LK&O

A Railroad with Relevance

Lower Deck Prep Work – Part 1

Written By: Alan - Apr• 02•23

Nothing like changing horses in the middle of the stream, right? As was expected, there were numerous changes required in the existing setup to accommodate the new lower deck design. These included:

  1. realigning hidden track;
  2. changing some upper deck supports;
  3. raising a valley floor;
  4. adding more lights;
  5. surveyor work

I’m currently working on the lights but 1, 2, and 3 are done.

Hidden track right-of-way

The hidden track (10 Mile Tunnel) that would have connected Kitzmiller with the north helix was originally free to meander anywhere under the upper deck as there was nothing else there. It would have been hidden behind a curtain. With a lower deck present that is no longer the case. Now the roadbed needs to hug the wall as tight as possible. Built before the plan change, the partial right-of-way shown below was removed.

Next, the upper deck shelf brackets were in the way so they had to come out. To support the upper deck while not interfering with the track along the wall I turned to 4″ steel corner braces.

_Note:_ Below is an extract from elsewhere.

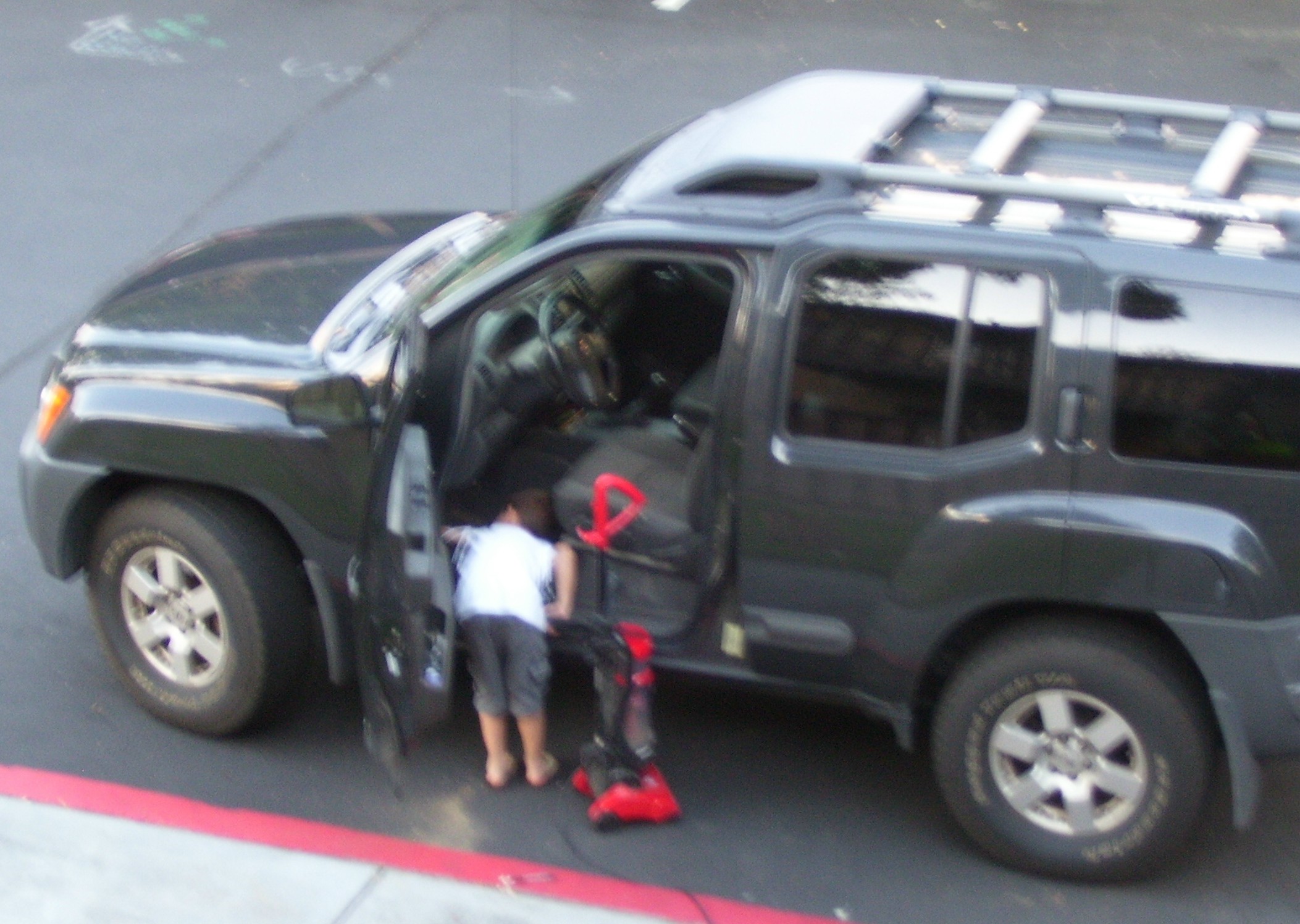 My young neighbor buddy helps me vacuum my SUV. My young neighbor buddy helps me vacuum my SUV.
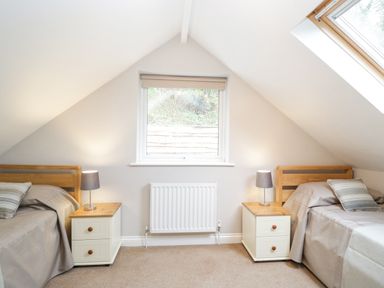 A bedroom with two single beds and nightstands under a window at The Brambles in Monmouth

Several were placed under the benchwork around the curvature of the wall.

With the shelf brackets removed there was no support for the front edge of the benchwork inside the curve of the wall. The front span is nearly five feet in length so support only on the back edges was out of the question. I needed something strong yet small enough it would be hidden by the 1″ of fascia underhang. Steel in the form of 3/4″ square tube fit the bill. I was lucky the wall studs were in just the right spots. The new assembly is just as solid as it was before with the shelf brackets.

The roadbed I removed was reused to make the new right-of-way. Working with the plywood semicircles and straight pieces was a lot like assembling sectional train track. Trying to accurately measure the shape required for snaking along the wall looked fraught with error. Instead, starting at the existing end, I simply held a piece in position, straight or curved as needed, and marked a cut line. The piece was cut, a lap joint section added, and then clamped into position. Little nudge here, little nudge there until the section was where I wanted then drill the matting lap joint holes, screw together. This process was repeated all way round to the hidden track exit under Mittiki Mine.

The starting point:

High tech cribbing (stacked milk crates and 2x4s 🙂 ) supported the roadbed as it was being assembled. The setting of the grade came while installing the 3″ corner braces securing the roadbed to the wall.

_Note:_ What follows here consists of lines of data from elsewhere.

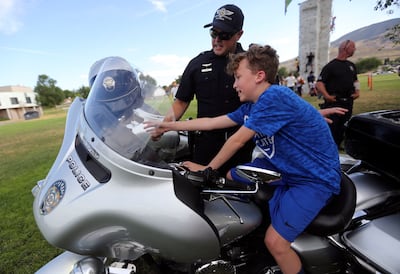 Unified police officer Zack Young shows Brayden Zambos a police motorcycle during a Night Out Against Crime at Pleasant Green Park in Magna on Monday, Aug. 5, 2019.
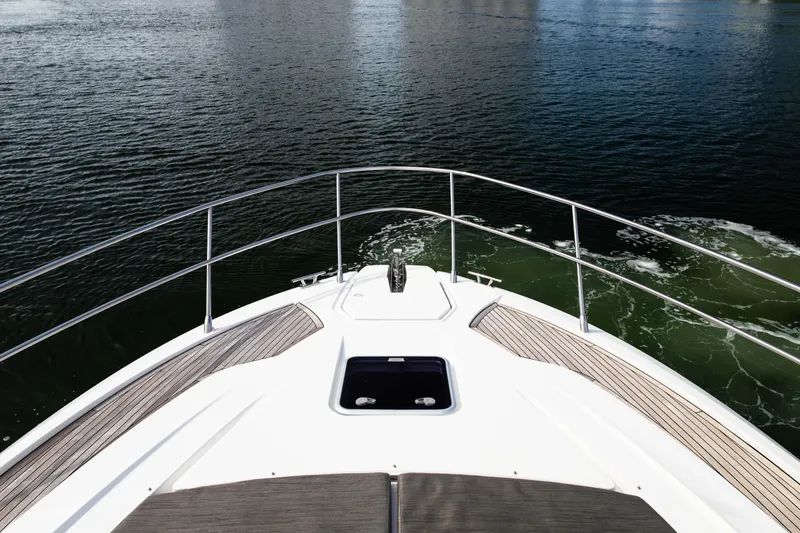 Slide: The Image of Bow view of 2019 Azimut Atlantis 43 yacht cruising on calm waters. - 20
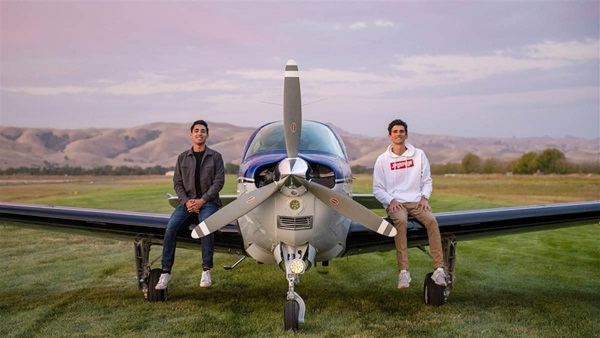 Owen Leipelt and Jeff Alan pose for a photo on the wings of their freshly painted 1988 Beechcraft Bonanza F33A at Frazier Lake Airpark in Hollister, California.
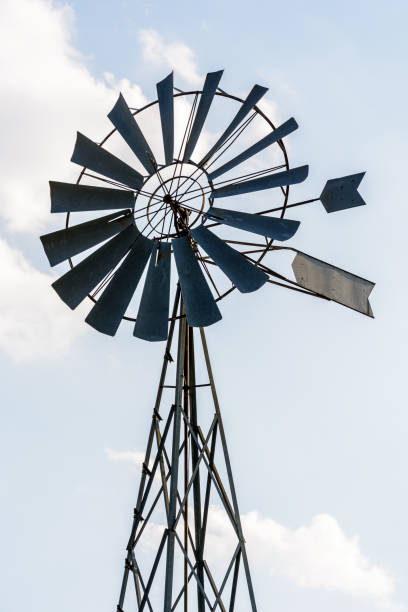istock Old-fashioned metal wind pump against pale blue sky with white clouds. 1142184208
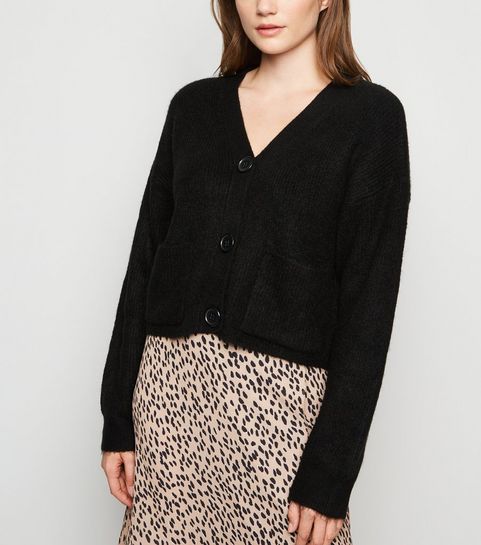 Schwarze Strickjacke mit aufgesetzten Taschen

Reusing the old roadbed did create quite a few lap joints which gives the assembly a bit of a Frankenstein look. Doesn’t matter. The assembly is rigid and will be hidden from view.

And finally, the exit below Mittiki Mine through a new hole in the wall:

Raising the river

Another obstacle in the way was the River Styx gorge. I needed about five inches more clearance for the lower deck than what the existing setup permitted. So, the river was raised.

The before gorge:

I marked a cut line across the fascia at the base of the upper radius on each side of the gorge. The marks I placed on the rear of the fascia two years ago came in handy locating the attaching screws. A small magnet zeroed in on the exact spot. Touch the area with a 80 grit disc, clean joint compound out of the screw heads, and remove. I even used the same screws to install the new fascia.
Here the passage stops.